Even if you say that the GPL is different in this matter than the GFDL, can I not simply change the COPYING file because that alone is a modification to your code? Perhaps also changing the README to say "Now under GPLv3 - w00t!", in order to add creative input? That would be consistent with statements like:

To relicense to GPLv3 in principle is just a global
substitution, and exchanging the license text in COPYING.  We should
also make sure we have the FSF's address right everywhere.  Finally,
there is a small number of files that either have no permissions
notice or lack the "or later" clause, and we need to decide what to do
about that.

But in order to do that, you need the copyright holder's permission. And if I've said "v2 or later", you need my permission to *change* that to "v3 or later". And with the GPL, I gave you permission to *use* v3, not *change* *my* *grant*.
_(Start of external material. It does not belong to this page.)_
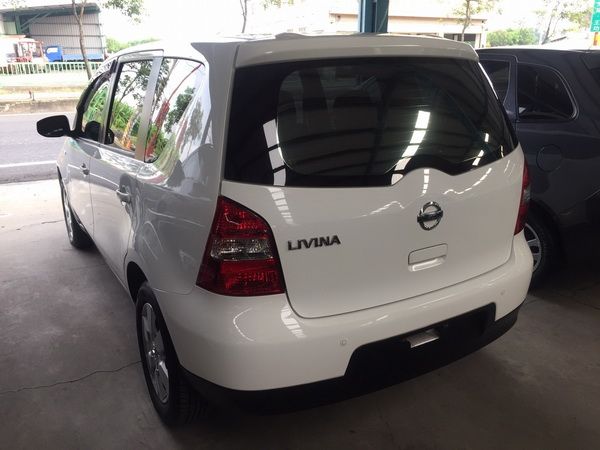 【實車實價】13 LIVINA 1.6  照片5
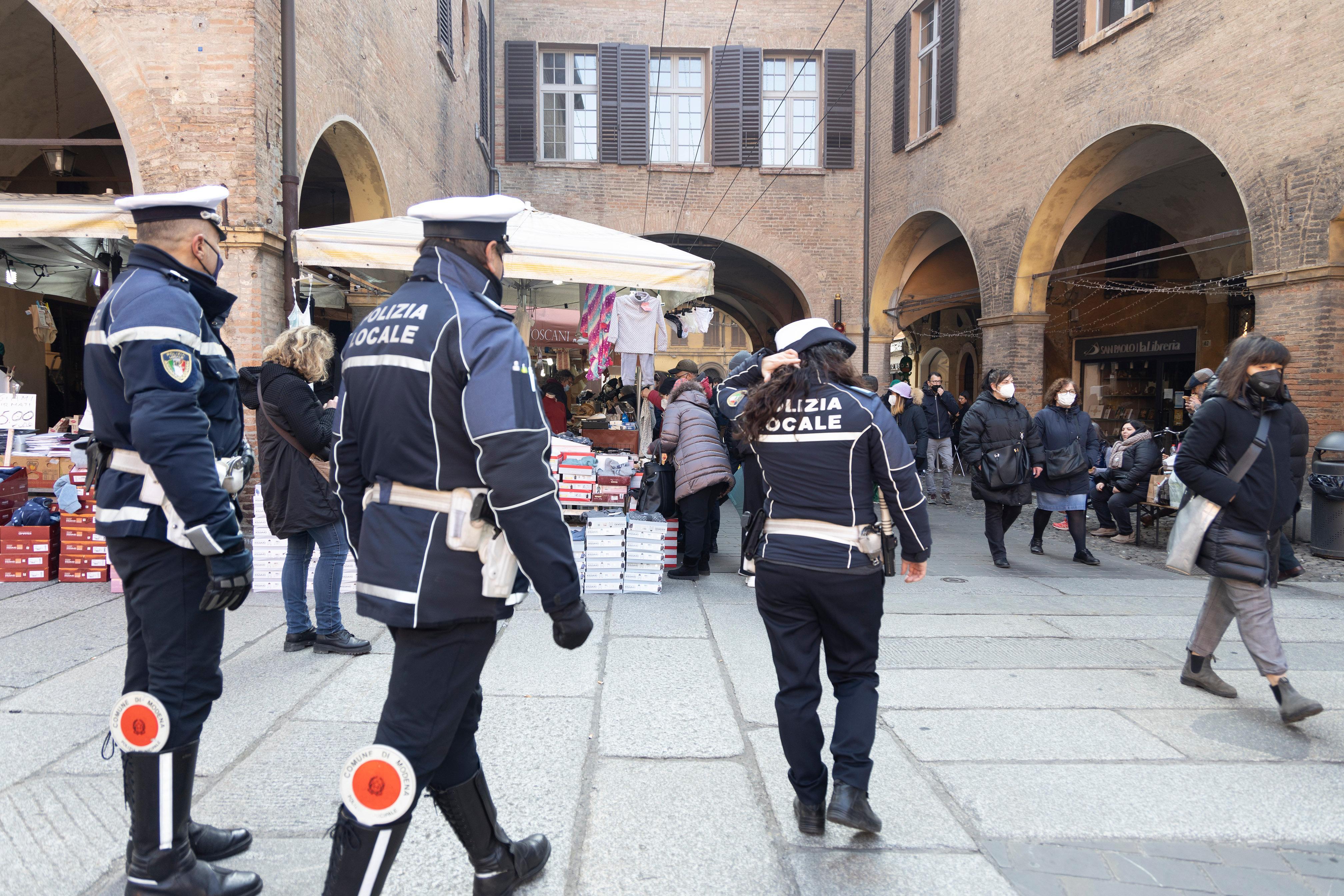 Modena Fiera di San Geminiano: 650 green pass controllati, tre denunce per furto e  la provocazione  dei soliti No Vax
If you make any changes to the *project* and make them v3+, you can then change any project copying notices because you then own the compilation copyright, and can change the notice on the compilation. What you can't do is change MY grant on MY code, because the GPL doesn't permit sublicensing. For you to tell your recipients that the licence on my code is v3 would be lying because while I said YOU could use v3, I did NOT give you the right to tell your recipients that they CAN'T use v2 on MY code.

GFDL is different because 1.3 explicitly says you can tell your recipients that they have it under CC-BY-SA. It explicitly says YOU can change the licence.

In any case, the Artistic License 2.0 - which is the main topic here - clearly means to allow relicensing so long as the new license preserves user rights, and in a form which is compatible with the GPL:

(c) allow anyone who receives a copy of the Modified Version to make the Source form of the Modified Version available to others under
(i) the Original License or
(ii) a license that permits the licensee to freely copy, modify and redistribute the Modified Version using the same licensing terms that apply to the copy that the licensee received, and requires that the Source form of the Modified Version, and of any works derived from it, be made freely available in that license fees are prohibited but Distributor Fees are allowed.

The question I have is if the copyright owner's stated requirements under (ii) allow relicensing under the LGPL. It seems the answer is *no*, because if I ship a proprietary application which includes JUMBO/CML under the LGPL (making the application a derived work), then the LGPL allows me to charge license fees for the application as a whole, while the GPL would not. ("For example, you may not impose a license fee" from GPLv3.)

Agreed. Note that you can only relicence a *modified* version, so I don't think you can take the version you've received, and just modify the licence notices!

I don't know how a court would look at it, but it seems to me that the intent of the licence is that you have to make a creative derivative of the original work before you can change the licence.